● **To do**
Your task is to retype, exactly, the line containing "Spot-saturation action demonstrates" and every later line through the end of the listing, with pictures omitted.

● **Working data**
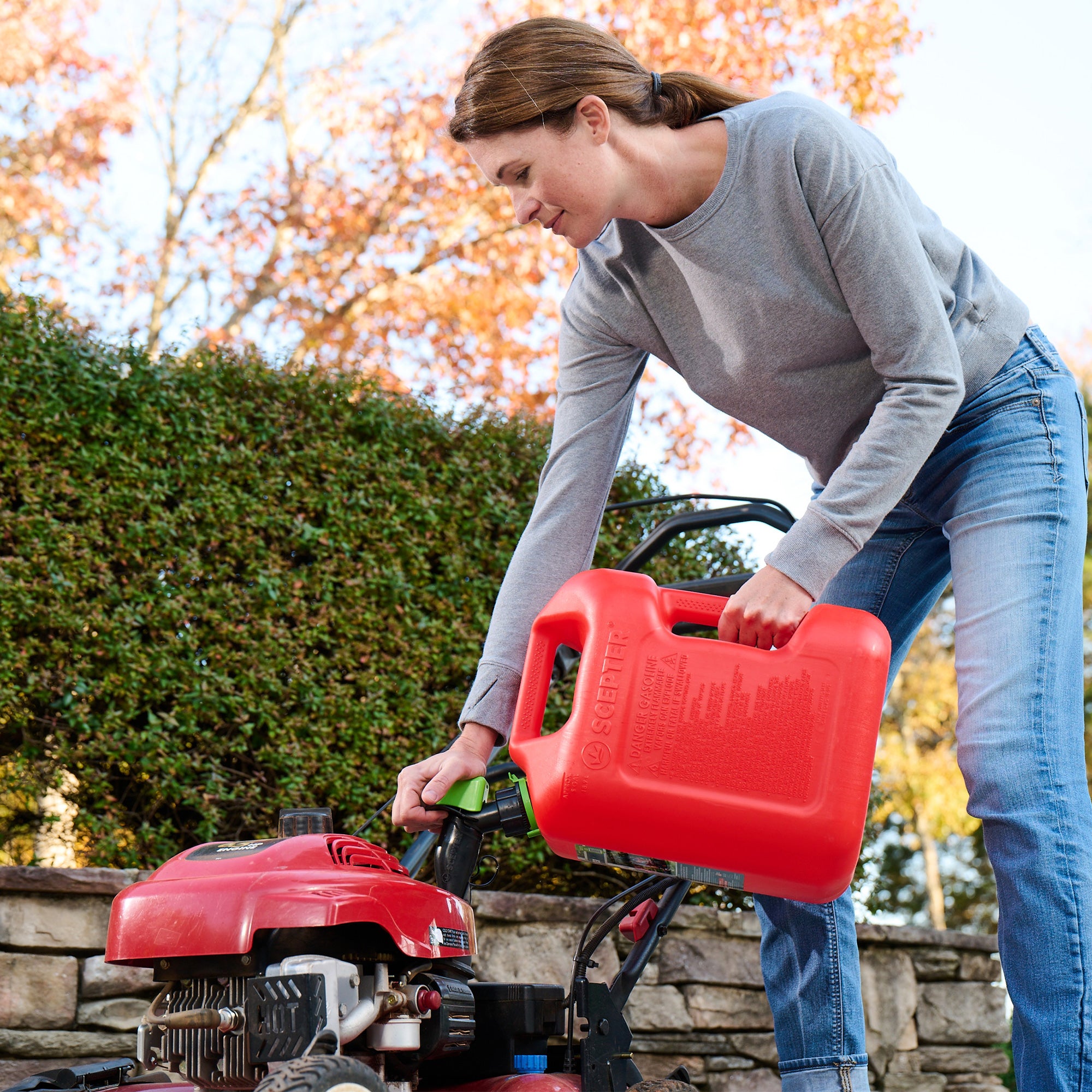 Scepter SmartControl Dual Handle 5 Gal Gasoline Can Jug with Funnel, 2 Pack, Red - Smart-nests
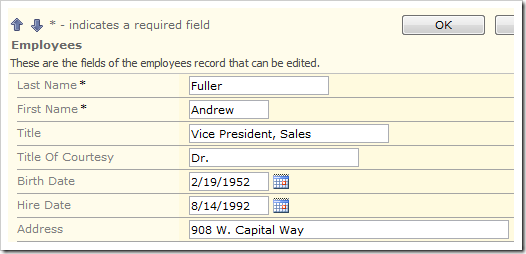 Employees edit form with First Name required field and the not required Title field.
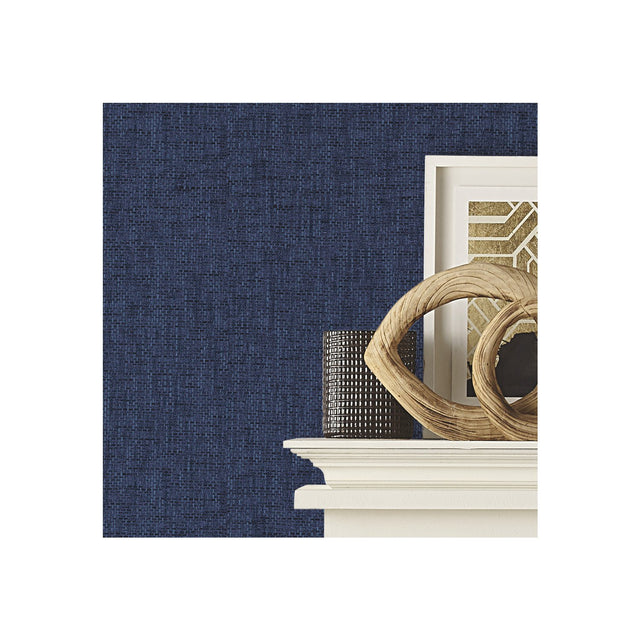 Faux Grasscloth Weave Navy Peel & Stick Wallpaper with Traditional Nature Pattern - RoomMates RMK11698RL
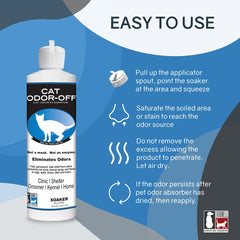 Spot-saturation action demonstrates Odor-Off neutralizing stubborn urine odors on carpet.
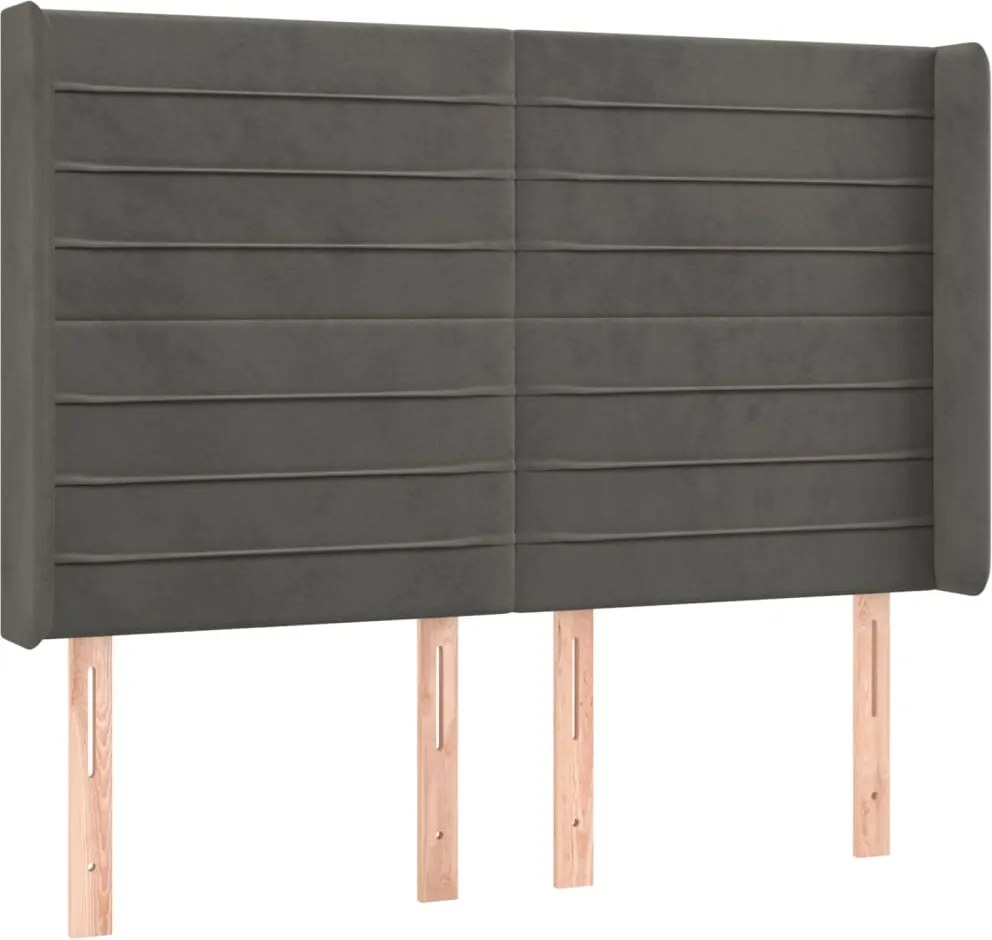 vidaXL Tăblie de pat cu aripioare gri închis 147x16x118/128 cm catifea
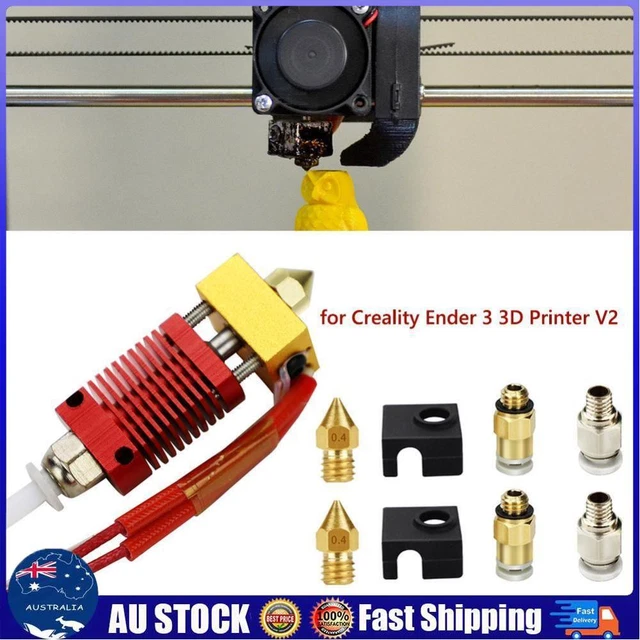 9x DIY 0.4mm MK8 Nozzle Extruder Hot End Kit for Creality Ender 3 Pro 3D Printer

● **Solution**
 Spot-saturation action demonstrates Odor-Off neutralizing stubborn urine odors on carpet.
 vidaXL Tăblie de pat cu aripioare gri închis 147x16x118/128 cm catifea
 9x DIY 0.4mm MK8 Nozzle Extruder Hot End Kit for Creality Ender 3 Pro 3D Printer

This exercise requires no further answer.